Meanwhile, the seismic wavelet propagates from the receiver location, producing a wavefield, as shown below:

$$D^{\prime }(z_1,z_2)=S\left(z_0\right)X(z_2,z_1)$$

(6)

Substituting the source and receiver wavefields of CRRTM into the cross-correlation imaging condition in Equation (1) yields $R\left(z_1\right)$ at the reflection point, which represents the true reflectivity of the reflector.

At the correct reflector, the source and receiver wavefields generated via CRRTM still satisfy the imaging condition, allowing for the accurate imaging of the subsurface structure. However, for artifacts caused by incorrect cross-correlation, changes in the propagation path alter the artifact positions generated via the erroneous cross-correlation of wavefields, which are subsequently suppressed during the stacking process.

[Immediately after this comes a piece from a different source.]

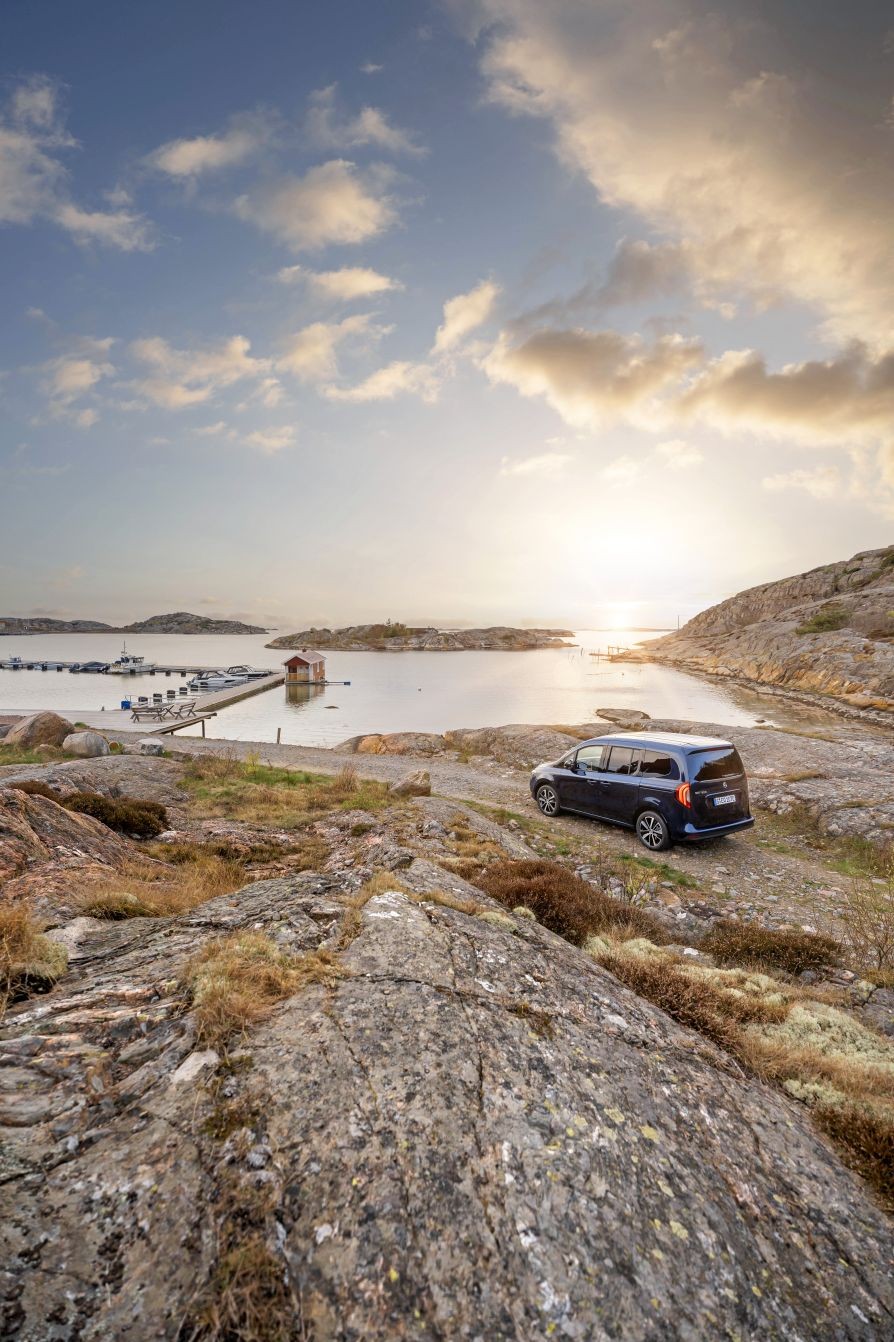 Mercedes Benz Eqt photo 14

2.3. Common-Receiver-Based Multiple-Wave Reverse Time Migration

From the illumination analysis shown in Figure 1, it can be observed that using only primary reflections as effective seismic data results in a limited imaging range because of the unique characteristics of the VSP observation system. Therefore, it is necessary to utilize multiples in the VSP seismic data to enhance the illumination range of VSP imaging. In conventional RTM methods, imaging multiples directly often introduces numerous artifacts into the imaging results, thereby degrading the imaging quality. However, CRRTM can effectively suppress artifacts in imaging results. Based on CRRTM, we propose a common-receiver-based multiple-wave reverse time migration (CR-MRTM) imaging method. By exciting both primary reflections and multiples at the source location and simulating the forward propagation of the seismic wavelet at the original receiver location, this method achieves joint imaging of primary reflections and multiples. We demonstrate the effectiveness of CR-MRTM under the cross-correlation imaging condition.

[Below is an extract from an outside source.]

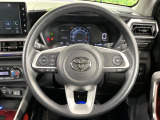【ステアリングスイッチ】運転中、前方から目線をそらすことなく、オーディオ等の操作が可能な便利機能!安心&快適なドライブを演出してくれます♪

The cross-correlation imaging condition was first proposed by Claerbout in 1971 [30]. The imaging results were obtained through the correlation of the source and receiver wavefields at each time step, followed by a summation of the results. Equation (1) has already presented the source-normalized cross-correlation imaging condition. For the convenience of the subsequent theoretical derivation, the cross-correlation imaging condition without source normalization can be expressed as shown in Equation (7):

$$I_{(x,z)}=\sum _{t=0}^{T_{\max }}S(x,z,t)·R(x,z,T_{\max }-t)$$

(7)

The receiver wavefield $R(x,z,T_{\max }-t)$ was obtained by back-propagating seismic data through the subsurface medium. As the original seismic data include both primary and multiple reflections, Equation (7) can be expressed as follows:

$$I_{(x,z)}=\sum _{t=0}^{T_{\max }}S(x,z,t)·\left[M_0(x,z,T_{\max }-t)+M_1(x,z,T_{\max }-t)+M_2(x,z,T_{\max }-t)+\cdots \right]$$

(8)

Here, $I_{(x,z)}$ represents the imaging value at the point $(x,z)$, $S(x,z,t)$ denotes the source wavefield generated via the seismic wavelet initiated at the source location, propagating forward through the subsurface medium, $M_0(x,z,T_{\max }-t)$ represents the wavefield formed through the back-propagation of the primary reflection from the seismic data, and $M_1(x,z,T_{\max }-t)$ and $M_2(x,z,T_{\max }-t)$ represent the wavefields formed via the back-propagation of the first- and second-order multiples, respectively. Furthermore, because seismic data undergo transmission and reflection during their propagation through the subsurface medium, Equation (8) can be further simplified as follows:

$$\begin{array}{cc}\hfill I_{(x,z)}& =\sum _{t=0}^{T_{\max }}[S(x,z,t)·\left(M_{00}(x,z,T_{\max }-t)+M_{11}(x,z,T_{\max }-t)+M_{22}(x,z,T_{\max }-t)+\cdots \right)\hfill \\ \hfill & +S(x,z,t)·\left(M_{01}(x,z,T_{\max }-t)+M_{02}(x,z,T_{\max }-t)+M_{03}(x,z,T_{\max }-t)+\cdots \right)\hfill \\ \hfill & +S(x,z,t)·\left(M_{10}(x,z,T_{\max }-t)+M_{12}(x,z,T_{\max }-t)+M_{13}(x,z,T_{\max }-t)+\cdots \right)\hfill \\ \hfill & +\cdots ]\hfill \end{array}$$

(9)

Here, $T_{\max }$ represents the maximum recording time of the seismic data, while $M_{00}$ denotes the wavefield obtained through the reverse propagation of the primary wave along its original path. Similarly, $M_{11}$ and $M_{22}$ correspond to the wavefields generated via the reverse propagation of the first-order and second-order multiple waves along their respective propagation paths. In contrast, $M_{01}$ and $M_{02}$ represent the wavefields resulting from the reflection and transmission of the primary waves along the propagation paths of the first-order and second-order multiples within the subsurface medium, which are erroneously back-propagated. The first term on the right side of Equation (9) includes the result of the cross-correlation between the seismic data propagated along its original path to the reflection point and the source wavefield. This cross-correlation contributes to the correct imaging of the subsurface reflection interfaces. However, the other terms arise from incorrect cross-correlation between the receiver and the source wavefields, leading to the formation of artifacts that significantly affect the imaging quality of RTM. Furthermore, Equation (9) also indicates that the original seismic data, which included both primary and multiple waves, exhibited a highly complex propagation path during back-propagation. Wavefield components formed by different propagation paths may interfere with each other, which, to some extent, also affects the imaging quality.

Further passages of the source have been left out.